In 2017, the 'Inspector General' of the 'U.S. Senate Judiciary Committee' and the 'Department of Justice' (DOJ) investigated him for a potential conflict of interest due to the donations made to his wife's campaign.
According to FBI documents, released in January 2018, McCabe did not oversee the Clinton email server probe (while his wife was contesting for office) and was also excluded from the FBI investigations into public corruption cases in Virginia.
The FBI documents further revealed that McCabe had notified the FBI about his wife's plans and had consulted with the team on how to avoid the conflict of interest. The documents also showed that he did follow the FBI protocol and asserted that McCabe had no conflicts when he assumed the Clinton investigation, since his role as FBI 'Deputy Director' was in effect three months after his wife lost the state Senate seat.

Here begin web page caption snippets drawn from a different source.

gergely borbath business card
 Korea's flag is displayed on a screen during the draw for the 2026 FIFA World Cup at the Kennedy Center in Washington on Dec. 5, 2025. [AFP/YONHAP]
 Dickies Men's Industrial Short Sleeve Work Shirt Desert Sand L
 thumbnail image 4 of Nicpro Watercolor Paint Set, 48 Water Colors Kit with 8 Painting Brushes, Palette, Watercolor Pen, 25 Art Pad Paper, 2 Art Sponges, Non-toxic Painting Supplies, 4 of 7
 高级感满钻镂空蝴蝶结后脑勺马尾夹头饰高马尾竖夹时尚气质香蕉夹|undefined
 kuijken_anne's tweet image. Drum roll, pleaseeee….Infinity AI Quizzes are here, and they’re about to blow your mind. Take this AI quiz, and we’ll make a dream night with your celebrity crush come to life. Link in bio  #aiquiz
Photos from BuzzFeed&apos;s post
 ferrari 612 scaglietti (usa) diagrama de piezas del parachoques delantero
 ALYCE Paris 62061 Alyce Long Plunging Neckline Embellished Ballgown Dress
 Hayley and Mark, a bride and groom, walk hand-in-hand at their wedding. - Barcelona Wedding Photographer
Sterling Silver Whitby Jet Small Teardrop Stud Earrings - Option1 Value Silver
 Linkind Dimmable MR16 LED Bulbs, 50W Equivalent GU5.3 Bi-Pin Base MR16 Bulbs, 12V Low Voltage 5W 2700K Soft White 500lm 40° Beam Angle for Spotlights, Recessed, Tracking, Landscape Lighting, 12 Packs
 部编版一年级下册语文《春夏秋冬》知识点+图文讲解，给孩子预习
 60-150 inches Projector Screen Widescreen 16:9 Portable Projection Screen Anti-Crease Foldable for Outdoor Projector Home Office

On May 9, 2017, McCabe became the acting director of the FBI, after Trump dismissed James Comey from the post, following which Trump and McCabe were always at loggerheads. Starting from July 2017, Trump repeatedly pushed for his removal and also suggested to Jeff Sessions to fire McCabe. He indicated McCabe's conflicts during his wife's Senate campaign as the cause of the dismissal.
In January 2018, US Attorney General James Sessions repeatedly pressurized the-then FBI Director, Christopher A. Wray, to fire McCabe, which was turned down by Wray. He, in fact, threatened to resign if McCabe was dismissed.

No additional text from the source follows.